The tiny Indonesian island of Lombok is often referred to as the ‘unspoilt Bali’. Tropical paradise it may be, but bubbling away underneath are problems that could potentially affect its wildlife, people and neighbouring islands.

Lombok is just over 5000 km2 in size, slightly smaller than the English county of Norfolk and home to around 3 million people. The island is dominated by the Rinjani volcano (which at 3726m, is the 2nd highest in Indonesia) covering much of the north. The volcano supports the largest remaining patch of forest, within the Rinjani National Park, which provides three of the islands four watersheds. Undeveloped, Lombok’s economy is based on agriculture, tourism and out-migration of cheap labour to other parts of Indonesia. One of the main crops is tobacco, employing around 155,000 people and supplying around 70% of all tobacco consumed in Indonesia, where an estimated 30% of the population smoke more than 12 cigarettes a day. Despite the importance of agriculture, much of it suffers from severe water shortage from deforestation and a breakdown of the watersheds. It is said this has worsened in recent years as a result of changing weather patterns associated with global climate change.

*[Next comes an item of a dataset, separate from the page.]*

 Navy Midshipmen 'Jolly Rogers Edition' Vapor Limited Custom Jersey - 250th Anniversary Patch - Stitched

Biologically, Lombok isn’t the highest conservation priority in the region. It does, however, encapsulate within its shores many of the problems that effect Indonesia more widely.

Fauna & Flora International (FFI) has been working on Lombok as part of the British American Tobacco (BAT) Biodiversity Partnership (BATBP) since 2006. Under this partnership, FFI (with two other NGOs) work with BAT to address its impact and dependence on biodiversity. BATBP’s Biodiversity Risk and Opportunity Assessment (BROA) was piloted in Lombok, and is now a mandatory evaluation for all of their growing areas. This assessment identified that one of the main impacts of industry on the Island was the use of natural wood in the tobacco curing (drying) process. Previously the industry used around 45 million litres of kerosene in its 13,500 drying kilns, but the removal of government subsidy saw a shift to coal and natural wood. The wood was thought to come from the forests and watersheds of Rinjani and from the even less developed, and much more forested neighbouring island of Sumbawa. This deforestation was further adding to problems associated with the breakdown of the island’s watersheds.

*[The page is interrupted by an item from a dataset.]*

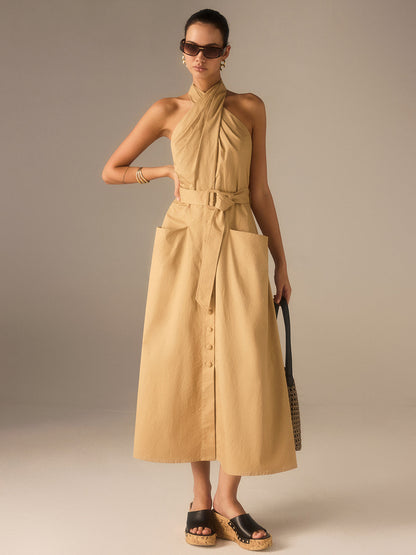 Cotton Pleated Halter Neck Belted Midi Dress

FFI, working with Mataram University, is the lead NGO partner under the BATBP, and are running running a project that aims to demonstrate sustainable management and recreation of the Rinjani watershed. Another FFI project, funded by the NL Agency Global Sustainable Biomass Fund, in consortium with Bosch Siemen Hausgeraute and Export Leaf Indonesia, aims to develop sustainable biomass alternatives to replace kerosene, coal and natural wood as fuels for the curing process, whilst a contributing to restoring tree cover and watersheds.

On a recent visit to the island, I saw some aspects of the BATBP work undertaken, albeit at early stages. For me the most interesting component was in the National Park buffer-zone where FFI and partners are helping farmers diversify from illegal wood removal and cash crops, to restoring tree cover and diversity within forest gardens. I saw where a farmer had cleared coffee trees and replaced them with several species including vegetable and fruit crops at ground level, fruit bushes and trees and taller, longer-growing timber trees. This kept the farmer busy (coffee growing only requires work at harvest), produced a more sustainable and less periodic income (coffee prices are low and income is once a year at harvest) which meant the farmer had financial security and didn’t need to go into the national park to cut trees. FFI has also been working with the women in the village, developing ways to add more value to the crops grown, such as producing banana snacks, selling for more than the raw bananas. Even at a year old the converted coffee plots looked like young forest. Whilst this is only one aspect of FFI’s work, the impacts were tangible.

Lombok agricultural landscape Photo credit: Anna Lyons/FFI

As well as activities on ground, FFI will try to influence policy on provincial and national levels, with a workable model for watershed restoration in Renggung, the water catchment where most tobacco growing occurs. Indonesia is one of three priority countries for BAT during the current term of the partnership, with work on Lombok set to increase. So, whilst it may be small, the challenges prestenting Lombok are common to a much wider area. We hope our work here will form a basis to be extrapolated elsewhere. If left unaddressed, problems on the Island have the potential to impact a much larger area if natural wood and fossil fuels continue to be brought in from other islands.